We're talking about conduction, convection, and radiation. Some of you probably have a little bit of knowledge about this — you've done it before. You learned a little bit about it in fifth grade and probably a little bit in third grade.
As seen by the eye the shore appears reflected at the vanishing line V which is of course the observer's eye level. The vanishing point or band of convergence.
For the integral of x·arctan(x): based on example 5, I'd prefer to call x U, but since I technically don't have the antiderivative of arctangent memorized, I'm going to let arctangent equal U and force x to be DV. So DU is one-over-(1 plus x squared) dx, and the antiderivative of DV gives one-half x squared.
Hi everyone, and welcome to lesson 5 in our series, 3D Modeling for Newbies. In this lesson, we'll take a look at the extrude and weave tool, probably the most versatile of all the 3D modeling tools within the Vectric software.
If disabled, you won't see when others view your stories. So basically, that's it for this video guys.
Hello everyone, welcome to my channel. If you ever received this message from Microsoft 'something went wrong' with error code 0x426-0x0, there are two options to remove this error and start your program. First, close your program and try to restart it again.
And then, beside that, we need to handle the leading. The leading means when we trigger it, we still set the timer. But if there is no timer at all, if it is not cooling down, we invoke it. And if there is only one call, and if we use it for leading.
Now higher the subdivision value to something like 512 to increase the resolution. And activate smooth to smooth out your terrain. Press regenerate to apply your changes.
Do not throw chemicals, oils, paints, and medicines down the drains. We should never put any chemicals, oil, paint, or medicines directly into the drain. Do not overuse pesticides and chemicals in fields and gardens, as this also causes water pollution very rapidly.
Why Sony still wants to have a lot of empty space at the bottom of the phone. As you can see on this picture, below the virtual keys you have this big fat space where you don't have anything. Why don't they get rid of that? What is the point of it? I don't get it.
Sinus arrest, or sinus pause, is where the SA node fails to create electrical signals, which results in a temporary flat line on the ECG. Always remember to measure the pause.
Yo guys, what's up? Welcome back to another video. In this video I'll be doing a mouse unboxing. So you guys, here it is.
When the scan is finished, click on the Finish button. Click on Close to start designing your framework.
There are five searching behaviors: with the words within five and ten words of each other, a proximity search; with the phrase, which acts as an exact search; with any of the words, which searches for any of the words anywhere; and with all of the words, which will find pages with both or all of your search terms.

________________________

### WHAT YOU HAVE TO DO
Please copy every line of the data that carries the string "guys".

### ANSWER TO THIS EXERCISE
If disabled, you won't see when others view your stories. So basically, that's it for this video guys.
Yo guys, what's up? Welcome back to another video. In this video I'll be doing a mouse unboxing. So you guys, here it is.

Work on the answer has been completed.